Однако он не проявил никакого стремления медлить с возвращением денег. Он предложил тотчас же выписать чек на триста фунтов, а остальное возвратить равными частями в два срока – первого июня и первого сентября.
– Проценты? – сияя, спросил он.
– Она не возьмет.
– Наверное, не возьмет, – согласился Робинсон с удивлением.
Затем он предложил, чтобы мы немедленно отправились к его поверенному. «Не люблю откладывать», – заявил Робинсон, надевая широкополую шляпу и старое пальто, отороченное мехом на воротнике и рукавах. Гордясь своей быстротой в действиях, приличествующей, по его мнению, настоящему дельцу (по существу между ним и настоящим дельцом было столько же общего, сколько между Полем Лафкином и каким-нибудь зулусом), он величественно шествовал рядом со мной по Ковент-Гарден, хоть не доставал мне и до плеча. Дважды с ним здоровались какие-то служащие издательств или посреднических контор. Робинсон торжественно взмахивал своей широкополой шляпой.
– Доброе утро, сэр, – приветливо кричал он им с едва заметным оттенком покровительства; именно так Р.-С.Робинсон, издатель изысканной литературы, мог приветствовать их в 1913 году.
Его лицо розовело румянцем в тусклом свете серого утра. Он выглядел счастливым. Любому Другому человеку такое поведение показалось бы нелепым: сначала пустить в ход всю свою хитрость, все уловки, чтобы найти благодетеля, а потом с помощью таких же хитроумных уловок избавиться от него. Впрочем, с ним это случалось, видимо, не в первый раз; такой образ действий доставлял ему наслаждение. Чувство злорадства, радость мести тому, кто имел наглость отнестись к нему снисходительно, – за это стоило платить и подороже, чем платил он сам.
Нет, думал я, вдыхая в сыром воздухе запах яблок и сена и глядя на Робинсона, шагавшего с почтенным видом человека, направляющегося на важное свидание, дело не только в удовольствии отомстить благодетелю. Его вдохновляло нечто более загадочное. Месть, да, но не Шейле, не просто какому-нибудь благодетелю, а всей жизни.
Возвратившись домой, я услышал музыку – Шейла ставила пластинки. Это меня обеспокоило; и беспокойство мое усилилось, когда я застал Шейлу не в гостиной, не в спальне, а в комнате, где я провел памятный день мюнхенских событий: она считала эту комнату несчастливой. На столе стояла пепельница, в ней валялось, наверное, не меньше тридцати окурков. Я начал было рассказывать о моей встрече с Робинсоном.
– Не хочу больше слышать об этом, – сказала она хрипло и равнодушно.
Я попытался развеселить ее, но она повторила:
– Не хочу больше слышать об этом.
И поставила новую пластинку, вычеркивая из своих мыслей не только Робинсона, но и меня.

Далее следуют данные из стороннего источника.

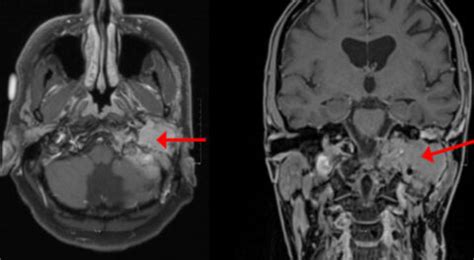 PARAGANGLIOMA - Longhorn Brain and Spine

8. «Ты сделал все, что мог»
Летом я почти не разлучался с Шейлой. Мы ждали что вот-вот начнется война. Каждую ночь я проводил у нас в спальне чего не случалось уже несколько лет, на моих глазах она спокойно слала не вскакивая то и дело, и спокойно просыпалась. Как только началась война, я решил, что буду жить подле нее в нашем доме в Челси столько, сколько будет суждено.
За все время нашего брака мы никогда не были так безмятежны, почти счастливы, как в эти сентябрьские ночи. Теперь я возвращался домой не из Милбэнка, а из Уайтхолла, потому что вновь поступил на государственную службу, и проходил по набережной в восемь часов вечера, а то и позже; воздух был все еще теплым, а небо сияло огненным заревом циклорамы. Шейла как будто радовалась моему возвращению. Она даже интересовалась моей работой.
Мы сидели в саду, вечера казались такими мирными, как будто не было войны, и она расспрашивала меня о нашем министерстве, о том, что делает министр, насколько он под башмаком у своих служащих и что делаю я в качестве одного из его личных помощников. Я посвящал ее в мои заботы и тревоги, чего уже давно не делал. Она смеялась надо мной, говоря, что я «удачник» и что мне не стоит особенного труда пробивать себе путь.
Я был слишком поглощен своей новой работой, чтобы уловить, когда и как это настроение изменилось. Только много недель спустя я понял, что все это время ее не покидала мысль о наступлении последней минуты, острой, как боль в сломанной кости, как ощущение неумолимой неизбежности ее. Я знал лишь, что в сентябре, когда все было безоблачно, она, тайком от меня, договорилась где-то о работе с первого января. Там требовался человек, хорошо знающий французский язык, а она его знала, и работа эта показалась ей очень подходящей. Она рассказывала мне о ней с удовольствием, чуть ли не с волнением.
– Наверное, в конце концов это окажется все тот же Робинсон, – сказала Шейла, но в словах ее не было горечи. Она смеялась над собой – верный признак того, что чувствовала себя бодро и уверенно.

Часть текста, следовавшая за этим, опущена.